Cada vez juzgamos más a los demás, incluso a los que tenemos cerca, y nos consentimos más a nosotros mismos. Disculpamos nuestros errores con excusas y resaltamos los de otros con hipérboles. Nos sentimos más sabios y enterados a la vez que subrayamos la ingenuidad de los demás. Nos creemos en posesión de una verdad absoluta que nadie puede rebatirnos. Cada día que pasa, nos respetamos menos. La humildad y la bondad son para los débiles. Hay que ser poderoso, rico y listo, el más poderoso, el más rico y el más listo. Hay que ser el mejor, el mejor de los mejores. Hay que ser un líder. Eso es el éxito. O así nos lo venden y nos lo dejamos vender.

La frase de mi compañero de directiva era, evidentemente, una broma, que arrancó unas risillas cómplices. La dijo sin intención y sin ninguna carga emocional ni crítica. Sin embargo, no es la única por el estilo que he escuchado esta semana y las redes sociales y los grupos de whatsapp están repletos de memes y chistes atacando, ridiculizando y menospreciando a los catalanes. Supongo que los smartphones de allí estarán igual con mensajes de burla y mofa hacia los españoles.

Menos mal que, aunque el asunto se está poniendo más serio de lo que debiera, de que estamos jugando con fuego, en esta España nuestra (incluida Cataluña, al menos de momento) no nos falta sentido del humor.
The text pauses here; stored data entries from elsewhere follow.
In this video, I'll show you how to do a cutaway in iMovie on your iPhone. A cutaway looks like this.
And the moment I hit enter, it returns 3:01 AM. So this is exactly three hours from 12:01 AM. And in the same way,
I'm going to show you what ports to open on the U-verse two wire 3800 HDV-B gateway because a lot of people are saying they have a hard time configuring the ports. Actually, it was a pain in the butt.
No nos iría nada mal si, además, pusiéramos algo más de sentido común. Lo triste es que, como siempre, generalizamos y nos metemos todos en un mismo saco. Somos especialistas en crear clichés, en poner etiquetas, en generar estereotipos. Y casi siempre lo hacemos fijándonos y destacando el lado malo, lo más oscuro, lo peor.
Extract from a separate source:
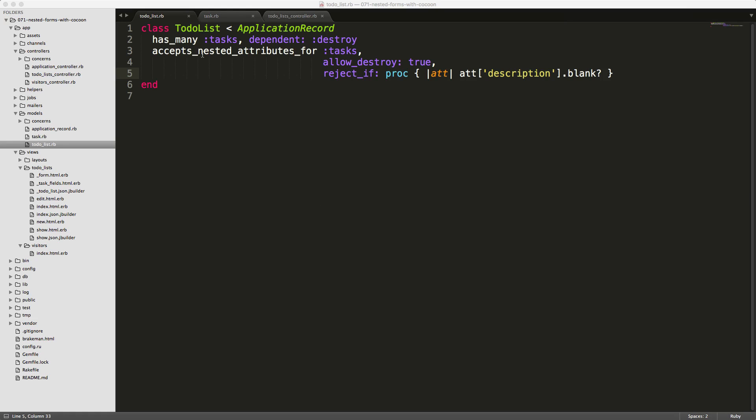From our previous episode, we had the following set up with a to-do list where it has many tasks dependent destroy. This just means that if we destroy our to-do list, it'll destroy all the associated tasks.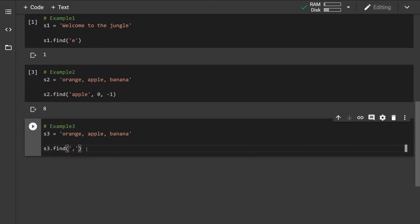Now in this last example, we are just looking for a comma in the string. And if we run this, we can see that the first substring that was found—the index of the substring has been returned, which is six.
Hemos visto plazas llenas de gente como nosotros, como tú y como yo, exaltada, agitada, alterada. Hemos presenciado imágenes y escuchado discursos que nos han puesto los pelos de punta. Porque nos cuesta creer que hayamos sido capaces de llegar a presenciar tanto odio hacia un lado y hacia el otro. Y no, no soy equidistante. Porque creo que, en el fondo, todos queremos lo mismo. Me resisto a pensar que el joven, el padre o el abuelo catalán no desea lo mismo que yo: Vivir en un mundo libre, en paz, con trabajo y con salud para los nuestros. Todos sabemos que la violencia es mala, que imponernos al otro porque sí no es la solución, que las normas que nos hemos dado, que nos han dado nuestros abuelos están para cumplirlas. Y si algunos no lo ven, si no lo quieren ver, habrá que sacarlos del error y demostrarles que lo primero para convivir sin tensiones ni presiones es el respeto mutuo. Para eso están las leyes.

Será coincidencia, pero en la misma semana en la que el desafío catalán sitúa a España en la crisis institucional más grave desde la transición, leo el siguiente titular en este periódico: «Enviarán al presidente regional la hoja de ruta para la restitución de la provincia de Cartagena».
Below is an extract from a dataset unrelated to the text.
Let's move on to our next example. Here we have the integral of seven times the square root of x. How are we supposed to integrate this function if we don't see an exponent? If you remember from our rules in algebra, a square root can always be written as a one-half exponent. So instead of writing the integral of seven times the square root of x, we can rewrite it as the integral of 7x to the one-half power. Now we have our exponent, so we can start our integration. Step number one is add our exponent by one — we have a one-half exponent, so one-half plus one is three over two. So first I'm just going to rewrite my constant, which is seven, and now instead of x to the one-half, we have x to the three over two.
La noticia surge de la reunión de la mesa que desarrolla este trabajo que, seguramente, estaba fijada hace tiempo, pero, a veces, hay que saber tener el don de la oportunidad, porque visto lo visto, es para echarse a temblar. Sí. Ya sé que no es lo mismo y que los cartageneros somos los más patriotas del mundo, pero no deja de ser una actitud igualmente separatista, en unos tiempos en los que tal vez nos iría mejor pensar en unirnos. Me tranquiliza saber que esto no es Cataluña. ¿O sí?

Alguien que me estima, lleva semanas diciéndome que a las personas no debemos quererlas por cómo son, sino por quiénes son. Creo que, por fin, lo entiendo. Será porque mi generación es la de Marco, la de Heidi, la de Espinete y la de los mundos de Yupi.